• EXERCISE OBJECTIVE:
Would you output the whole of the data exactly?

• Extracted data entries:
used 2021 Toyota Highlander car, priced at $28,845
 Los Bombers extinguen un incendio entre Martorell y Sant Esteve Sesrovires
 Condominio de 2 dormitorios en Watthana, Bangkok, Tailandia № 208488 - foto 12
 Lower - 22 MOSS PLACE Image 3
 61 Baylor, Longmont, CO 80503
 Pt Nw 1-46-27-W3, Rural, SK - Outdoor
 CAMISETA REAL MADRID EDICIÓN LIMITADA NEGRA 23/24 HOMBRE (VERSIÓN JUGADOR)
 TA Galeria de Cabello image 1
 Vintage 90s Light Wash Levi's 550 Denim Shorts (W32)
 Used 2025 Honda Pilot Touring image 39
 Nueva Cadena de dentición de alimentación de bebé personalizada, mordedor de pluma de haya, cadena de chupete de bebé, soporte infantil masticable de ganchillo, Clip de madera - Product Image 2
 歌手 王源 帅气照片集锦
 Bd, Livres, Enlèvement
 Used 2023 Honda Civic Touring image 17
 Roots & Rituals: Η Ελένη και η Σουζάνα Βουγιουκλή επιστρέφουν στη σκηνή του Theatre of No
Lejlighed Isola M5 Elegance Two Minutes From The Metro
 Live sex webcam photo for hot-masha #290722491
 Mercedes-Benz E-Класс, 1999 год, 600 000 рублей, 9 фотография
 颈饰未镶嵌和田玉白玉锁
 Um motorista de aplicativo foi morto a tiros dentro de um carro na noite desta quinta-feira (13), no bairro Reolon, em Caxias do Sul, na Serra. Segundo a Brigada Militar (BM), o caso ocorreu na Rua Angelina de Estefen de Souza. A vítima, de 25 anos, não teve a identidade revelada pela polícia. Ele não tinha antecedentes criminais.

• OUTPUT OF THE EXERCISE:
used 2021 Toyota Highlander car, priced at $28,845
 Los Bombers extinguen un incendio entre Martorell y Sant Esteve Sesrovires
 Condominio de 2 dormitorios en Watthana, Bangkok, Tailandia № 208488 - foto 12
 Lower - 22 MOSS PLACE Image 3
 61 Baylor, Longmont, CO 80503
 Pt Nw 1-46-27-W3, Rural, SK - Outdoor
 CAMISETA REAL MADRID EDICIÓN LIMITADA NEGRA 23/24 HOMBRE (VERSIÓN JUGADOR)
 TA Galeria de Cabello image 1
 Vintage 90s Light Wash Levi's 550 Denim Shorts (W32)
 Used 2025 Honda Pilot Touring image 39
 Nueva Cadena de dentición de alimentación de bebé personalizada, mordedor de pluma de haya, cadena de chupete de bebé, soporte infantil masticable de ganchillo, Clip de madera - Product Image 2
 歌手 王源 帅气照片集锦
 Bd, Livres, Enlèvement
 Used 2023 Honda Civic Touring image 17
 Roots & Rituals: Η Ελένη και η Σουζάνα Βουγιουκλή επιστρέφουν στη σκηνή του Theatre of No
Lejlighed Isola M5 Elegance Two Minutes From The Metro
 Live sex webcam photo for hot-masha #290722491
 Mercedes-Benz E-Класс, 1999 год, 600 000 рублей, 9 фотография
 颈饰未镶嵌和田玉白玉锁
 Um motorista de aplicativo foi morto a tiros dentro de um carro na noite desta quinta-feira (13), no bairro Reolon, em Caxias do Sul, na Serra. Segundo a Brigada Militar (BM), o caso ocorreu na Rua Angelina de Estefen de Souza. A vítima, de 25 anos, não teve a identidade revelada pela polícia. Ele não tinha antecedentes criminais.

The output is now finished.